Sunday, June 22, 2014

The Alchemist's Notebook

   Though I can tell you just how I discovered the writing of Robert E. Howard, I can't recall exactly how I started reading H.P. Lovecraft. Oh, I can tell you the name of the first Lovecraft book I read, but not why I decided to read it. I think Stephen King's 1981 non-fiction book, DANSE MACABRE had something to do with it. However, just this week, and rather by accident, I was reminded of another piece of the puzzle. A movie that never got made called THE CRY OF CTHULHU.
   I'd read about the projected movie (pun intended) in Starlog Magazine issue #24 in 1979 and I recall looking at some pictures of stop motion monster models and wondering what was the deal with this Lovecraft guy. I'd seen paperbacks at the bookstore with his name on them, but the covers had never appealed to me. Still, the article gave me the idea that there might be something interesting about Lovecraft's creations. I'd actually forgotten this until someone posted the three page article over on a Lovecraft Facebook group and then it all came back to me. Funny how memory works.
   That would have been the end of it, except being me I did some internet searching for more info on CRY OF CTHULHU and I learned that Byron Craft, the writer of the screenplay for CRY, had turned the script into a novel called THE ALCHEMIST'S NOTEBOOK and that the book was available for the Kindle. I read the plot synopsis and it sounded like fun, so I ordered the book and gave it a read.

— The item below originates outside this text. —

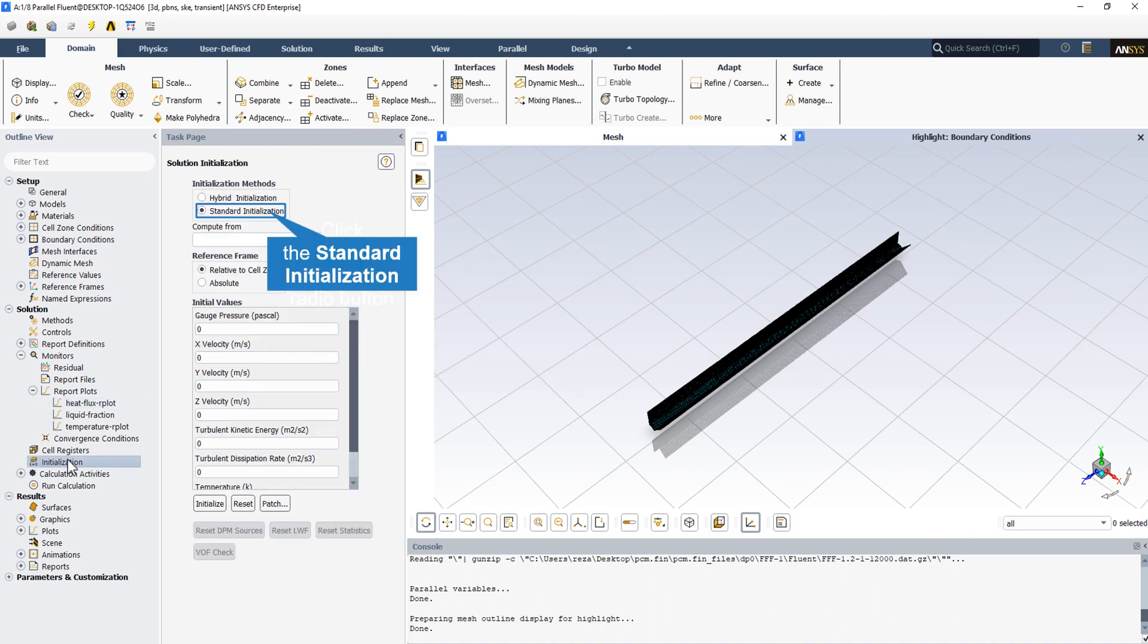From the solution initialization section, we select the standard initialization. The reason we don't choose the hybrid initialization is that our inlet is in one sole direction with just one outlet, so there is no need to choose the hybrid initialization.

   It was indeed a lot of fun, though I had a couple of issues. Nothing major and I'll get to them in a moment. The main story idea is about a young couple who inherit an old house near The Black Forest in Germany. They fly over and begin to renovate the house but then strange things start to happen.

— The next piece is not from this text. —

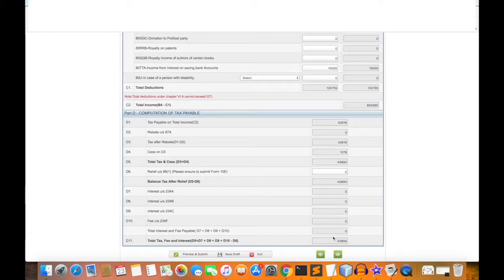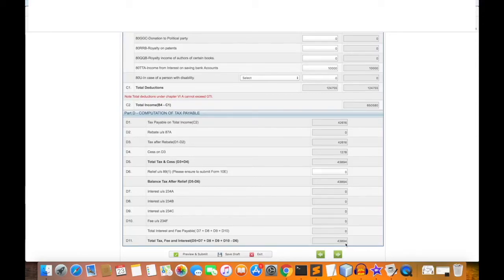If there is some interest from a previous year, that interest is also applicable. If the person has no such interest, that amount is ₹0. So the total of tax, fee, and interest is ₹43,894.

   The novel is written in three sections and the first, narrated by the wife, is probably the creepiest. Left at home all day while her husband goes to his new job, she begins to experience strange dreams and to see some odd things. This section builds the tension sort of like a Gothic romance novel, with the young woman wondering about her sanity.
   The second part is the text of the diary of the titular alchemist and this is probably the most Lovecraftian part of the book with references to Arkham, Innsmouth, Miskatonic University, and The Necronomicon. So far, so good.
   Part three, the husband's story, was where things started to fall apart for me. The first several pages lose the creep factor that the first two thirds of the book had built up and become more fantasy like. It reminded me more of August Derleth or Brian Lumley than Lovecraft. Nothing wrong with either of these writers, but the concepts of good elder beings, bad elder beings, and Elementals are Derleth's for the most part and not the stuff I really like about the extended Cthulhu Mythos. That's my main quibble, and as I say, it's no big deal. It didn't keep me from enjoying the book.
   In fact, I enjoyed it quite a bit, because the Lovecraft references do fly fast and furious and there are cool nods to many of Lovecraft's stories, without being and adaptation of any of them. Had this actually been a movie it would have been the most Lovecraftian thing put on screen up until that point. Pity that it never got out of pre-production. Anyway, THE ALCHEMIST'S NOTEBOOK is a fun Cthulhu Mythos novel. Fast moving and doesn't take itself too seriously. Craft says he's writing a sequel and I'll check that out too.